Ok there you have it. This is certainly not perfect. There are always exceptions as well. First let me ask this: if you agree help me out, what did I miss? Second: if you disagree tell me how you think the task of improving the Sixers (or any team for that matter) should be attacked?
Looking at the Sixers Roster
Now thinking about the Sixers roster and potential trades, who do we have on the roster that could fill one of those roles EFFECTIVELY? That is how I would attack making changes, evaluating the current players and team fit. To get it started here is how I would categorize the current roster. Note: this is AT BEST what roles they could fill on a championship team in my opinion.

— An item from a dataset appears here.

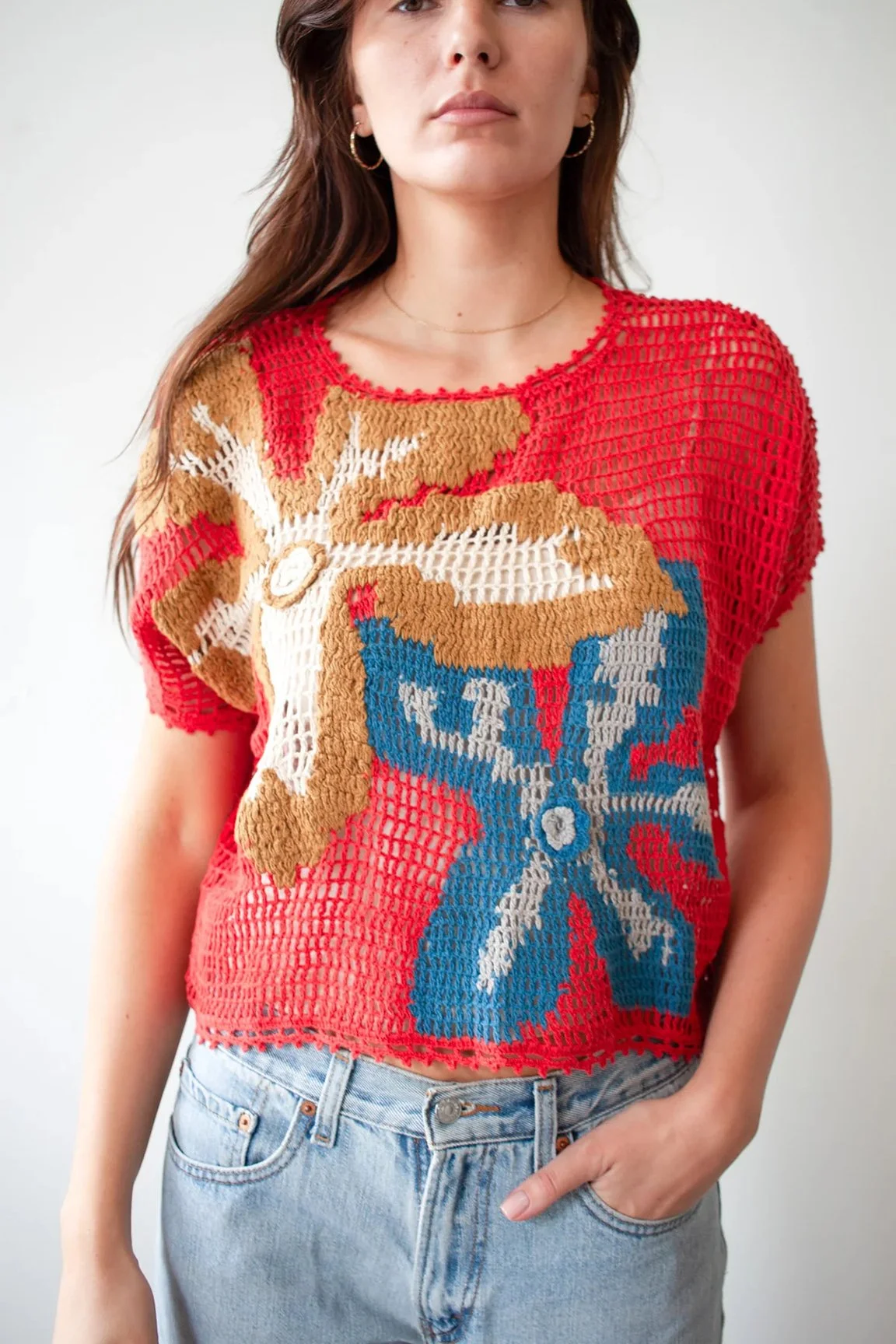 Bel_Kazan_Yeva_Top_Crocket_Knit_FLower_Cherry_Red_4.jpg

- Andre Iguodala - Third Banana
- Elton Brand – Super Sidekick/Rim & Paint Protector/Inside Scorer
- Samuel Dalembert – Rim & Paint Protector
- Thaddeus Young – Hustle Man/Third Banana
- Louis Williams – Microwave/Third Banana
- Willie Green – Microwave/Hustle Man
- Andre Miller – Third Banana
- Marreese Speights – Rim & Paint Protector/Third Banana
- Reggie Evans – Hustle Man
- Theo Ratliff – Rim & Paint Protector
- Donyell Marshall – Clutch Sharpshooter
- Royal Ivey – In-Your-Shirt Defender/Hustle Man
- Kareem Rush – N/A
- Jason Smith – N/A
Obviously some of the younger guys could improve but right now that is where I see their potential. Also, just because I put them in the category doesn’t mean we shouldn’t seek to upgrade in any one area. Some are borderline as it is. Clearly we don’t have enough shooters, strong enough perimeter defenders and most importantly we don’t have the unquestioned superstar, which I repeat is mandatory.
Now thinking about trades what would you do with all that in mind? I look at trades in three ways:
- Cap space
- Improve the team immediately
- Future improvement/considerations
I would make moves that clear enough cap to aggressively acquire a superstar player to lead this team either via free agency or through trade. This team has no clear leader and no go-to player - two things that are a must if you want to compete for more than a first round playoff loss. The unquestioned star, super sidekick and third banana should represent 50% or more of your total payroll. Right now the Sixers have 4 players making $10M or more and none are a dominant player. That is a problem that needs to be corrected ASAP. Brand’s and Iguodala’s salaries right now really aren’t that bad (towards the end of the contracts is a different story) as second and third level supporting players. But Miller and Dalembert’s salaries (roughly $20 million this season) should really be going to that number one guy in my opinion.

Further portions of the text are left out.